### Your goal
From the data below, retype exactly the lines starting with the one that contains "Luminária de Chão" and ending with the one that contains "Invitation Monogram Crest", both included.

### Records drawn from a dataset
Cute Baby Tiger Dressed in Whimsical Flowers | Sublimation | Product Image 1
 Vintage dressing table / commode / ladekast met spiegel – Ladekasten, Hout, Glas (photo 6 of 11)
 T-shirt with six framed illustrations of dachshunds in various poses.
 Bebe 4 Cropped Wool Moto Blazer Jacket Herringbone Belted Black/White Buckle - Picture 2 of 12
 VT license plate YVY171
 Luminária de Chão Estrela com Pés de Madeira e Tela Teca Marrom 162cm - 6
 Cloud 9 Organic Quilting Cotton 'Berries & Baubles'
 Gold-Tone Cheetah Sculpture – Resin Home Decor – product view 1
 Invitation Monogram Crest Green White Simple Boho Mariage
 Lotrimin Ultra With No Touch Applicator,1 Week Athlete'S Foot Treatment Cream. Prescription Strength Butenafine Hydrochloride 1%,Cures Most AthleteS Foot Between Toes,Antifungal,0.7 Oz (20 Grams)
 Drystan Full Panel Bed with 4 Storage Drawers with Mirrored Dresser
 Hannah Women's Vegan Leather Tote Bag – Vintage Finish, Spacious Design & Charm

### Worked solution
 Luminária de Chão Estrela com Pés de Madeira e Tela Teca Marrom 162cm - 6
 Cloud 9 Organic Quilting Cotton 'Berries & Baubles'
 Gold-Tone Cheetah Sculpture – Resin Home Decor – product view 1
 Invitation Monogram Crest Green White Simple Boho Mariage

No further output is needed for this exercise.